Task goal: Everything from the line with "Off the Shoulder" to the end of the data below, both lines included, should be transcribed exactly; please omit the pictures.

The data:

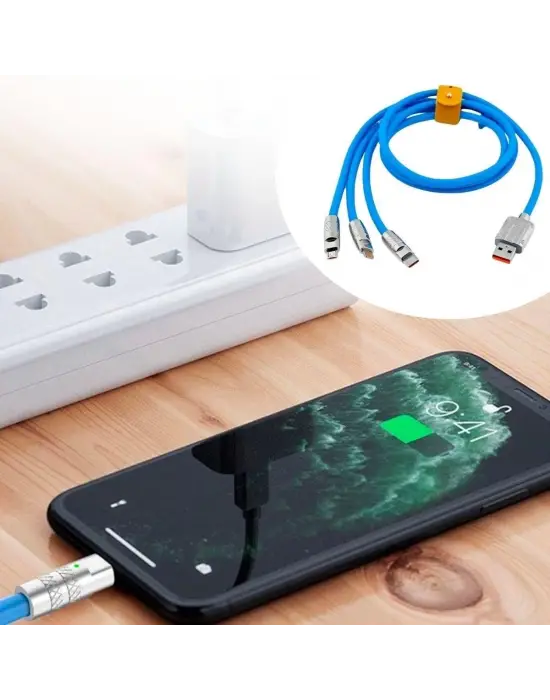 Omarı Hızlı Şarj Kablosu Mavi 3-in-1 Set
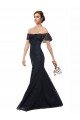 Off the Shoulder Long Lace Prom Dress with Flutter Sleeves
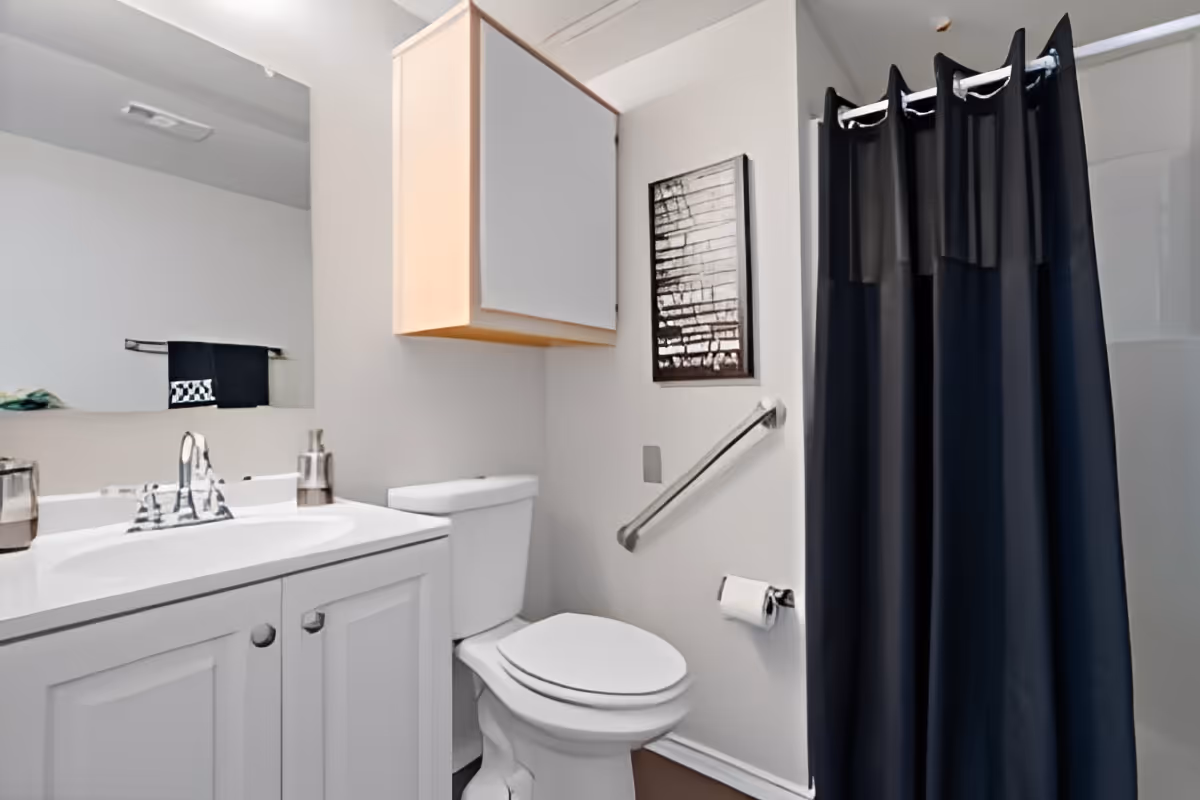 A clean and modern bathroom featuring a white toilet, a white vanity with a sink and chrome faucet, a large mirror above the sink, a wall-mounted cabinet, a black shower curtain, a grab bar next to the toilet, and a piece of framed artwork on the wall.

Output for this task:
 Off the Shoulder Long Lace Prom Dress with Flutter Sleeves
 A clean and modern bathroom featuring a white toilet, a white vanity with a sink and chrome faucet, a large mirror above the sink, a wall-mounted cabinet, a black shower curtain, a grab bar next to the toilet, and a piece of framed artwork on the wall.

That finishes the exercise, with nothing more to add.